Will Medicare Pay for My Prostate Surgery? What Australian Men Need to Know
Medicare will pay a portion of your prostate surgery in Australia, but rarely all of it. How much you end up paying depends on which procedure you need, whether you go public or private, and whether your surgeon bulk bills or charges above the Medicare Benefits Schedule (MBS) fee.
Most men are surprised when the bill arrives. Understanding the system before you book anything saves real money and real stress.
What Does Medicare Actually Cover for Prostate Surgery?

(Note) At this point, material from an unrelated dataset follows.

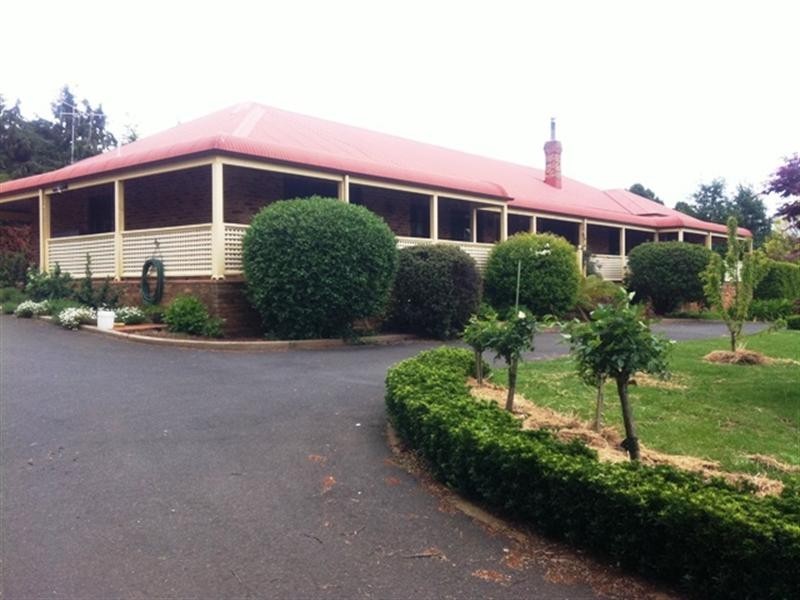 415 Escort Way, Orange NSW 2800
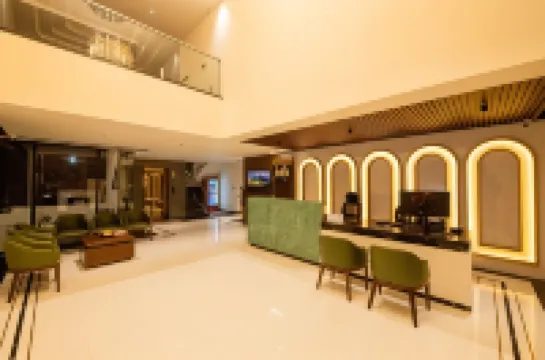 โฮเทล ไมซอร์ เรเดียนซ์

Medicare covers a set percentage of the MBS fee for any listed procedure. For prostate surgery, the most common procedures are a radical prostatectomy (removal of the prostate, usually for cancer) and a transurethral resection of the prostate, known as a TURP, which treats benign prostatic hyperplasia (enlarged prostate).
For in-hospital procedures, Medicare pays 75% of the MBS fee. If you have private hospital cover, your insurer typically pays the remaining 25%. If you have no private cover and choose a private hospital, you pay that 25% gap yourself, plus any amount your surgeon charges above the MBS fee.
In a public hospital, Medicare covers the full cost of your surgery if you're a public patient. You get no choice of surgeon, and you join the waiting list, but your out-of-pocket cost is zero.
How Much Does a Prostate Operation Cost in Australia?
This is where it gets real. The MBS fee for a radical prostatectomy sits around $2,000 to $2,500. But surgeons aren't required to charge the MBS fee. Many charge two to four times that amount, which creates a gap you pay directly.
A robotic-assisted radical prostatectomy, which is now the most common technique in Australia, can cost $15,000 to $25,000 in a private setting when you add up the surgeon's fee, anaesthetist, assistant surgeon, and hospital charges. Medicare and private insurance will cover a chunk of that, but the out-of-pocket gap for men with average private cover often lands between $2,000 and $6,000.
One of my clients went through this process last year. He had mid-level private hospital cover and expected to pay almost nothing. His out-of-pocket came to $4,800. He wasn't prepared for that.
His surgeon had charged 250% of the MBS fee, and nobody had told him upfront.
A TURP for benign prostatic hyperplasia is less expensive. Total costs in a private hospital typically range from $5,000 to $10,000, with gaps of $500 to $2,000 after Medicare and insurance.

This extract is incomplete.